In Hidden Figures Theodore Melfi reveals the extraordinary hidden story of the African American women maths geniuses who got America to the moon.
OK Computerby Alexa Dalby
CAUTION: Here be spoilers
Hidden Figures is the long-overdue setting-the-record-straight telling of the extraordinary true story of three black American women who overcame racism to become crucial figures in NASA in the early days of America’s space race.
Taraji P Henson (Person of Interest) is Katherine G Johnson, brilliant at maths and in particular analytic geometry. She is one of a group of women in NASA’s racially segregated unit of black women ‘computers’ – the job title given to the gifted women who, with the aid of adding machines, did the behind-the-scenes mathematical calculations needed in the pre-computer age. She is seconded to the team sending America’s first astronauts into space in Cold War competition against the Russians, where, despite faultlessly calculating trajectories for the spacecraft she experiences both racism and sexism from her all-male colleagues.

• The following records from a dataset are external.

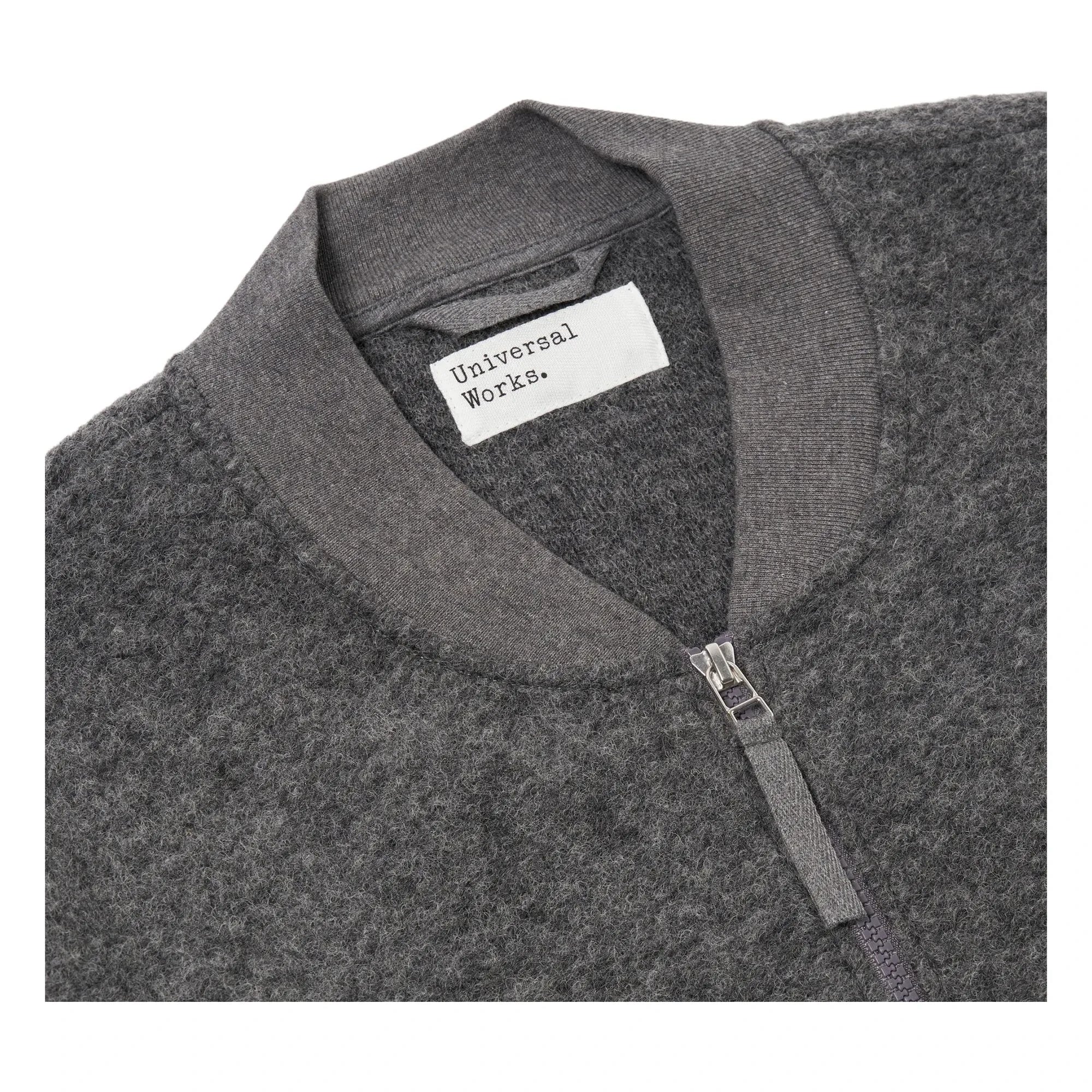 Universal Works - Bomberjacke aus Wolle mit Reißverschluss | Grau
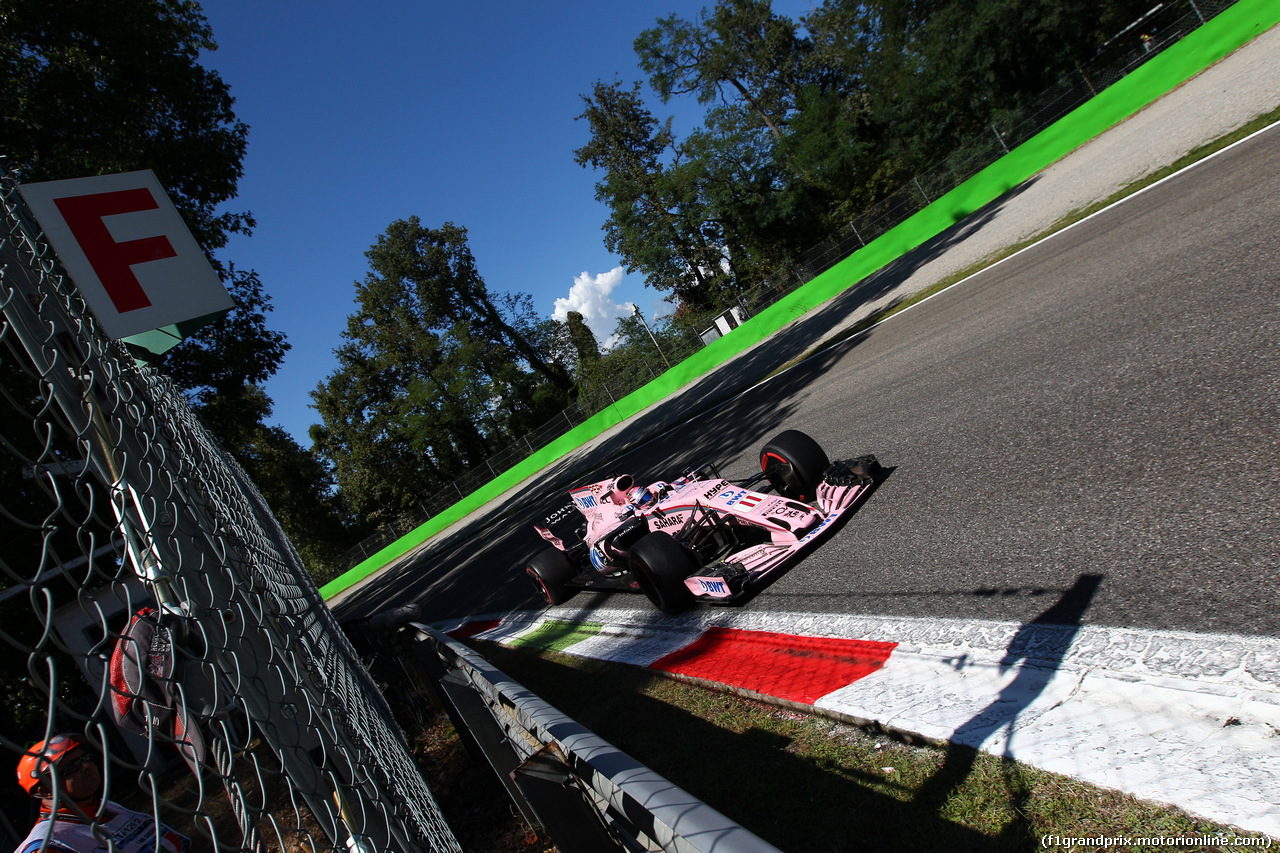 GP ITALIA, 03.09.2017- Gara, Sergio Perez (MEX) Sahara Force India F1 VJM010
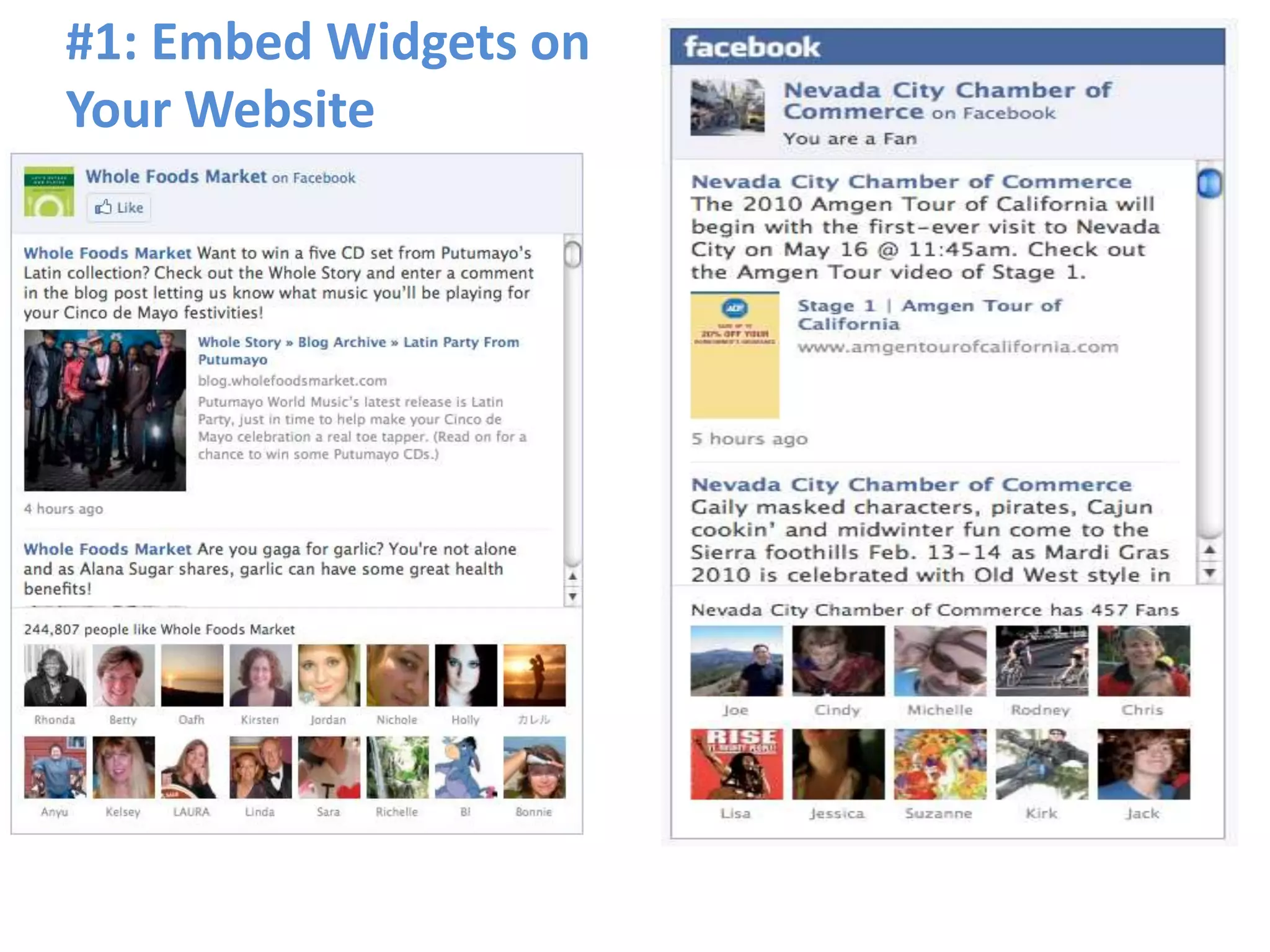 #1: Embed Widgets on Your Website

Octavia Spencer (Bad Santa 2) is Dorothy Vaughan, the hugely competent de facto supervisor of the black women’s unit, yet because of institutional racism, this cannot be recognised. She is visionary enough to recognise the potential of the newly installed IBM computer. Instead of waiting for it to put the women in her section out of work, she teaches herself the early computer programming language Fortran and thus to the surprise of the organisation, prepares the women to be the first to be ready to work with it in the future.
Janelle Monáe (Moonlight) is Mary Jackson, the sparkiest of the three women, who fulfils her ambition to became the first African American female aeronautical engineer. To do so, she had to fight segregation through the courts in order to attend the evening classes she needed.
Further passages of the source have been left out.